### EXCERPTED DATA

*** Begin section ***

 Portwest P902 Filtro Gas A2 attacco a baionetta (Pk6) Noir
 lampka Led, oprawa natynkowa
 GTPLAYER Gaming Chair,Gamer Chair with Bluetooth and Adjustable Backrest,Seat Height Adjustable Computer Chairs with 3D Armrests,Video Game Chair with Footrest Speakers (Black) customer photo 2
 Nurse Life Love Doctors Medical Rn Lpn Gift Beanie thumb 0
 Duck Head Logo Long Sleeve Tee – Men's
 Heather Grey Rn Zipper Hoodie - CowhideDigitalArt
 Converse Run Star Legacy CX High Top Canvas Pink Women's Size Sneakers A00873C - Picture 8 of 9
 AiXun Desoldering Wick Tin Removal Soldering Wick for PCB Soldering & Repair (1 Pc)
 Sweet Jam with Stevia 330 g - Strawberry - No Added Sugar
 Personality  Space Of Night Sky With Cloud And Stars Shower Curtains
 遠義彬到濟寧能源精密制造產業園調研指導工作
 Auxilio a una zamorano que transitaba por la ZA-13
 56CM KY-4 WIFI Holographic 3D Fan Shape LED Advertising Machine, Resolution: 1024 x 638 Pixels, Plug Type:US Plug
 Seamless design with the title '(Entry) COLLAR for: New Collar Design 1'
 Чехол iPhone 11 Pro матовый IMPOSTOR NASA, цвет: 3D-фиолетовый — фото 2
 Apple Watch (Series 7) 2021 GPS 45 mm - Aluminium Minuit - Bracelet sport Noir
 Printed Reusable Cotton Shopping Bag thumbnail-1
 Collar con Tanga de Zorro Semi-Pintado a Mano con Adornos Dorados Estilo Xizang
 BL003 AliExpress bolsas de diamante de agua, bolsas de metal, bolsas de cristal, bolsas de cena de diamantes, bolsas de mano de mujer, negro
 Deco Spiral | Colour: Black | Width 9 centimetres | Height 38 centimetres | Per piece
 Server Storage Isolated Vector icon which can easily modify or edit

*** End section ***

### AIM OF THE TASK
Your task is to copy each line of the material that contains the word "Noir".

### EXERCISE RESULT
 Portwest P902 Filtro Gas A2 attacco a baionetta (Pk6) Noir
 Apple Watch (Series 7) 2021 GPS 45 mm - Aluminium Minuit - Bracelet sport Noir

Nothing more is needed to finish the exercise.